Ziraat Mühendisleri Odası (ZMO) Kilis İl Temsilcisi Güven Özdemir üzüm bağlarında meydana gelen Küllemeye neden olan mantar konusu hakkında yapılması gereken hususları tek tek sıralayarak çiftçilere önemli açıklamalarda bulundu.
Özdemir konu ile alakalı olarak yaptığı yazılı açıklamasında şunları kaydetti.
‘’Küllemeye neden olan bir fungus (mantar) olup, Miselleri bölmelidir. Fungus, kışı genel olarak tomurcuk pulları arasında ve çubuklarda misel halinde geçirir. Hastalık etmeni özelliği gereği, step ve kurak iklim bağlarında hemen her yıl çıkar. Optimum gelişme sıcaklık isteği 20-27 ºC’dir. Konidilerin çimlenmesi 35 ºC’de durur ve 40 ºC’de ölürler.
ZARAR ŞEKLİ, EKONOMİK ÖNEMİ VE YAYILIŞI
Külleme hastalığı, omcanın tüm yeşil organlarında (yaprak, sap, sürgün, salkım) görülür. Yaprakların her iki yüzeyi de her yaşta enfeksiyonlara duyarlıdır. Konukçu dokusu üzerindeki miselyumlar konidioforlar ve konidiler grimsi beyaz tozlu veya pudramsı bir görünüştedir. İlk gelişme döneminde genç yapraklarda hastalık güç fark edilir. Bazen enfekteli yaprakların üst yüzeyinde yağ lekesine benzeyen klorotik veya parlak lekeler görülür. Yaprak yaşlandıkça parlaklığını kaybeder, kalınlaşır ve gevrekleşir, kenardan içe doğru kıvrılır. Sürgünler yeşilken, enfekteli kısımlar siyaha yakın koyu kahverenginde, kışın bu lekeler kırmızımsı kahverengine dönüşmektedir. Salkımda hastalığa erken yakalanan taneler küçük kalır. İrileşebilmiş veya olgunlaşmadan hemen önce yakalanan tanelerin, sapı doğrultusunda çatladığı, görülür. Taneler genelde %8 oranında şeker ihtiva edinceye kadar, enfeksiyonlara duyarlıdır.

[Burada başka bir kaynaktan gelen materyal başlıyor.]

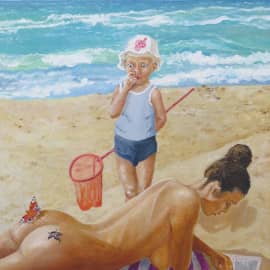 Из жизни юного натуралиста.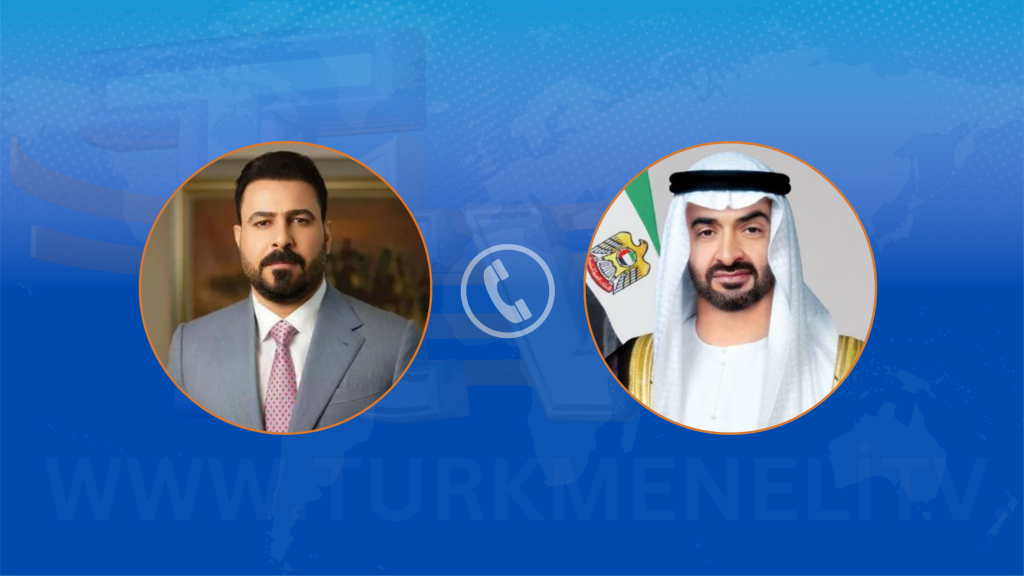 Irak ile BAE arasında iş birliği mesajı: Yeni hükûmet süreci gündemde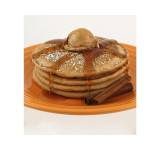 Pumpkin Spice Pancake Mix 12/1.5lb View Product Image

Hastalığın zarar derecesinin saptanması güç olmakla beraber küllemenin yoğun görüldüğü bazı yörelerde ilaçlama yapılmaması halinde %90’a varan ürün kaybına neden olabilmektedir.
Hastalık Türkiye’nin hemen her yöresindeki bağ sahalarına yayılmış durumdadır.
Kültürel Önlemler:
Bağlarda yapılacak kısa budama, çubuk ve tomurcuklarda kışlayan misel potansiyelinin düşmesine, bitkinin iç kısımlarına kadar iyi bir hava sirkülâsyonunun ve güneşlenmenin sağlanmasına kimyasal kontrolün etkinliğinin de artmasına yardımcı olur.
Kimyasal Mücadele:
İlaçlama Zamanları
1. İlaçlama: Henüz sürgünler 25-30 cm uzunlukta olunca,
2. İlaçlama: Çiçek taç yaprakları döküldüğünde, (Korukların saçma tanesi iriliğini aldığı dönem)
3. Diğer İlaçlamalar: İkinci ilaçlamadan sonra kullanılan ilacın etki süresi, bölgelerin meteorolojik ve ekolojik koşulları (bağın konumu, yağış durumu, bulutlu, aşırı sıcak dönemler vs.) ve hastalığın gelişme durumu (tanelere alaca düşme dönemine kadar) dikkate alınarak yapılmalıdır. Tanelere tatlı su yürüdüğünde ilaçlamalara son verilmelidir’’ dedi.